REQUIREMENT: Return every line below as is, leaving out the pictures.

GIVEN INFORMATION:
━━━━━━━━
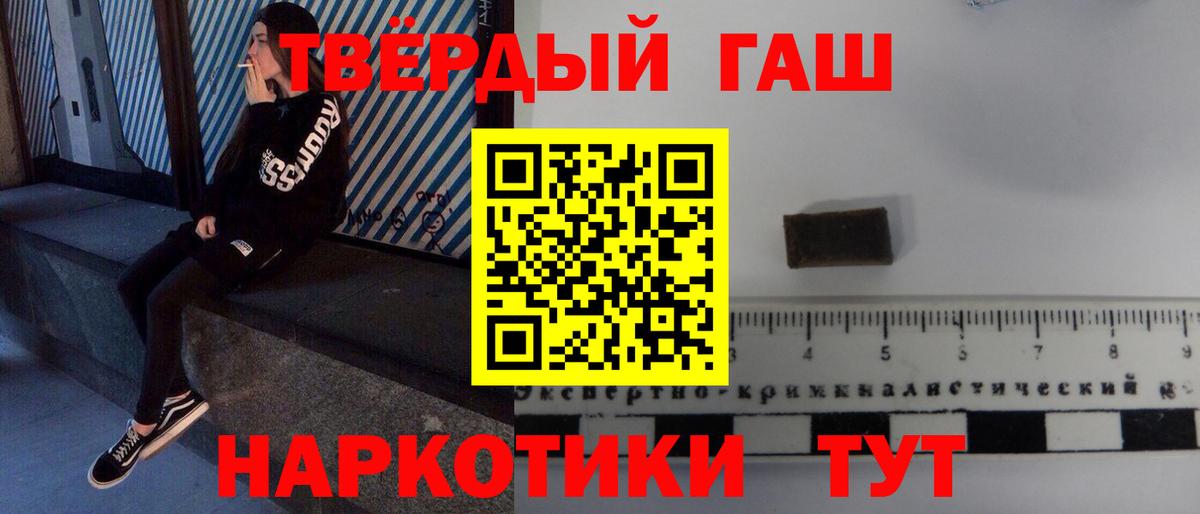 ГАШ Ice-O-Lator Курчатов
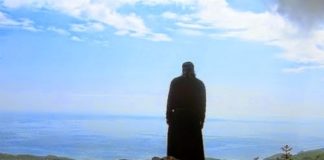 Για την κατάνυξη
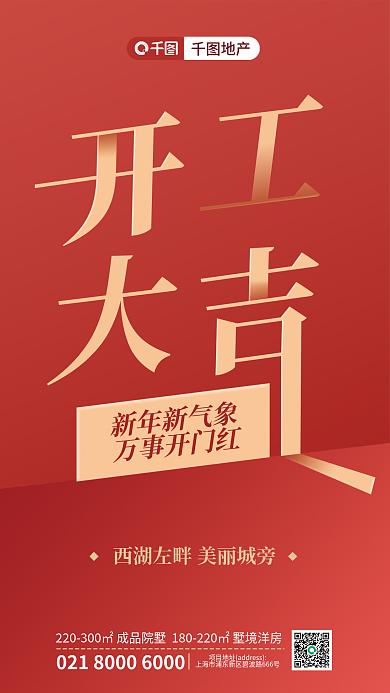 创意开工新年新气象万事开门红营销海报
━━━━━━━━
WRITTEN RESPONSE:
 ГАШ Ice-O-Lator Курчатов
 Για την κατάνυξη
 创意开工新年新气象万事开门红营销海报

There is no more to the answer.